Trump’s turn to write the check

To get it out of the way, I live in a poverty stricken midsized city in Massachusetts. We used to have a textile and garment industry, and now we do not. We’re a heroin overdose city, a wear-pajama-pants-to-Walmart city. State and federal money props up our schools, our police force and our fire department. About 75 percent of kids in local schools get lunch for free.

We’re classic Donald Trump country, and he won the Republican primary, all right, but the Republican primary doesn’t mean much to us. In the end, the city voted for Hillary Clinton.

We benefited from all things Obama. Obama phones, Obamacare. If there were $1-a-pack Obama cigarettes, they’d be the favorite local brand.

And today, stupidly listening to very local talk radio, I heard a show sponsored by the local chamber of commerce, an institution that is Republican in a businesslike rather than a biblical kind of way. The Bible they can leave alone. The tax break, they’ll take.
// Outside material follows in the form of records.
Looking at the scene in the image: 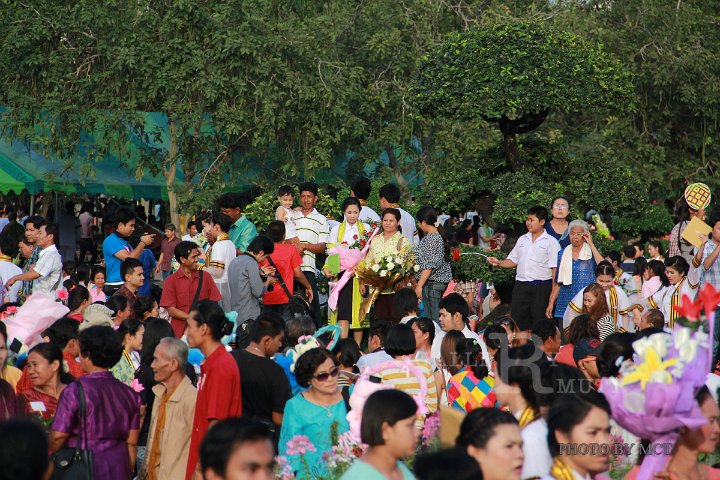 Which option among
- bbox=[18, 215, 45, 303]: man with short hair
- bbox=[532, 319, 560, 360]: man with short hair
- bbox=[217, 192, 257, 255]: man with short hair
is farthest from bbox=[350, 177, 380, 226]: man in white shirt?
bbox=[532, 319, 560, 360]: man with short hair

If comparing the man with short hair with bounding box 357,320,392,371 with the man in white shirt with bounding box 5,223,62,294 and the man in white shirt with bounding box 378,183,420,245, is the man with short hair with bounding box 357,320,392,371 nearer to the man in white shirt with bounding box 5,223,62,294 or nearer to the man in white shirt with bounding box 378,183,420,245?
the man in white shirt with bounding box 378,183,420,245

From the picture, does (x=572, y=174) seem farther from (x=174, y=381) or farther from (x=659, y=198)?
(x=659, y=198)

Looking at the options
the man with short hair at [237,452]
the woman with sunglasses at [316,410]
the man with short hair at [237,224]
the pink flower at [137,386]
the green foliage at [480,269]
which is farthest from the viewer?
the green foliage at [480,269]

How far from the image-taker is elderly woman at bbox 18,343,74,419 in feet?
22.6

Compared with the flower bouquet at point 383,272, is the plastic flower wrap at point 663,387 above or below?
below

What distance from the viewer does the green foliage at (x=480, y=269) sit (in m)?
13.4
The two local chamberites were talking about Trump’s oft-repeated promise to throw money at infrastructure. It was the Christmas list of the airwaves.

We need a new high school. We need a lot of new streets. We got potholes deep enough to support schools of fish. As I said, we’re on the tip of the needle when it comes to heroin, so we need plenty of anti-drug abuse money. There are a lot of old water pipes under the streets, and those need to be replaced. We have some intersections that flood four feet deep when it rains hard.
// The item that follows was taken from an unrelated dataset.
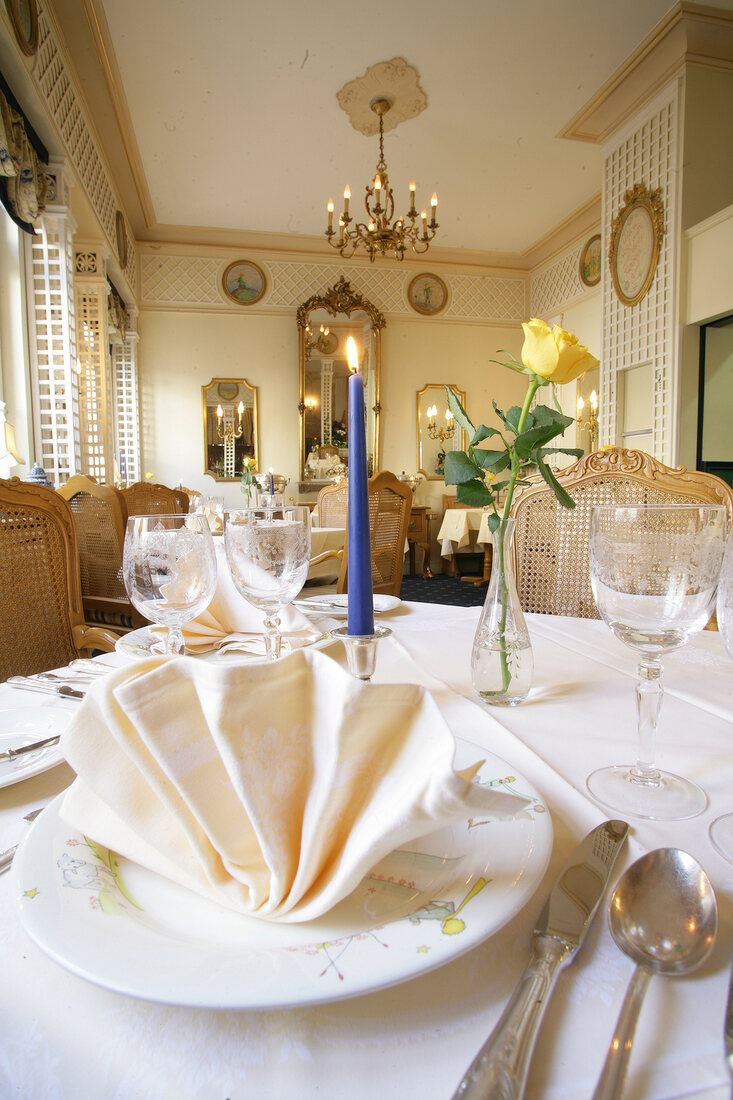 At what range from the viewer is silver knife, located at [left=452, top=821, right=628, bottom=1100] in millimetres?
196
I blew out a big sigh of relief. This was the America I understood, the good old America that wants something.

Of course, you can say that my little city’s unwillingness to go whole chimp for the Trumpanzee means we won’t get much. The federal government is locked tight in the hands of Republicans, and they may not want to shower money on such a stubbornly Democratic spot.

Perhaps you’re right. The art of the deal demands you punish your enemies, strike them with your mighty tweet sword and refuse them every one of their pathetic, entitlement-fueled little dreams of new firetrucks and crack-less sidewalks.

But we’re not the only ones with needs. Out in the areas of the country that went solidly for Trump, there are mayors humping the furniture over the prospect of some new grade schools, a new water treatment plant, maybe a new municipal airport that doesn’t look like a 1952 bus station.

Oh, we want things. All of us want things. All of us have been promised things. Great things. Tremendous things. The things we have are a disaster, and the things we were promised are wonderful.

I’ve been a reporter for 34 years. I know how it works. Side street residents like myself grab a city councilor and choke hell out of his turkey neck until he agrees to do something about our mercilessly potholed street. The city councilor goes to the state representative who goes to the governor who goes to the feds.

We’ve been promised jobs. Factory jobs. We’ve been promised infrastructure and the end of terrorist attacks in America. We’ve been promised an end to a vaguely defined menace called “political correctness,” and we’ve been promised The Great Wall of America on the border with Mayheeco.

We listened. We voted. We electoral-college’ed.

I was a lot less worried about America after I heard the chamber of commerce radio show because it was the same old America, the one that wants stuff and will scream like a baby when the spot under the Christmas tree is bare.